=== Section Start ===
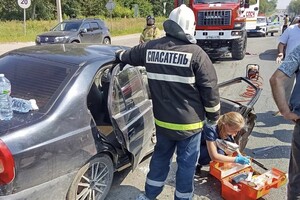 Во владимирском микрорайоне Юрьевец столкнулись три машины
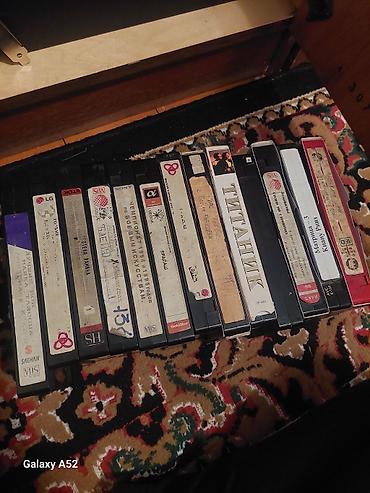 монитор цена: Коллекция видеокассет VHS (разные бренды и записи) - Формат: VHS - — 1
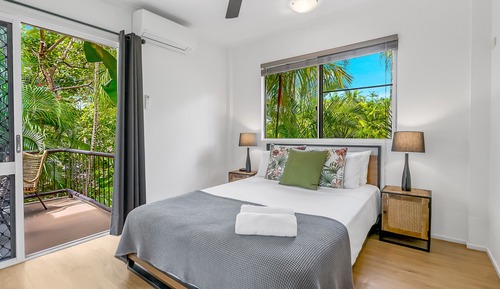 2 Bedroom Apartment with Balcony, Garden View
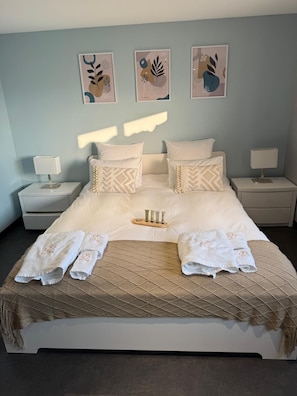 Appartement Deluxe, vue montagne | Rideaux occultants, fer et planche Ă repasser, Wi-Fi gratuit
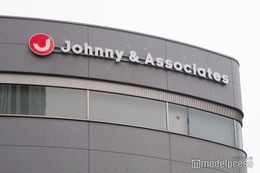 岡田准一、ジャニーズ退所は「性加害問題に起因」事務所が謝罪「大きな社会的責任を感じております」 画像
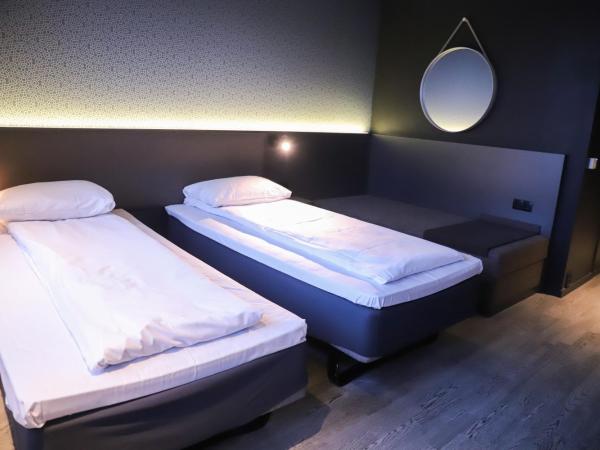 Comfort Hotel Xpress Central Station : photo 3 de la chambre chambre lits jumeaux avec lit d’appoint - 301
=== Section End ===
## Task brief
Give again, exactly as written, the lines from the one with "岡田准一、ジャニーズ退所は「" through the last line of the entries above, but skip the pictures.

## Solution
 岡田准一、ジャニーズ退所は「性加害問題に起因」事務所が謝罪「大きな社会的責任を感じております」 画像
 Comfort Hotel Xpress Central Station : photo 3 de la chambre chambre lits jumeaux avec lit d’appoint - 301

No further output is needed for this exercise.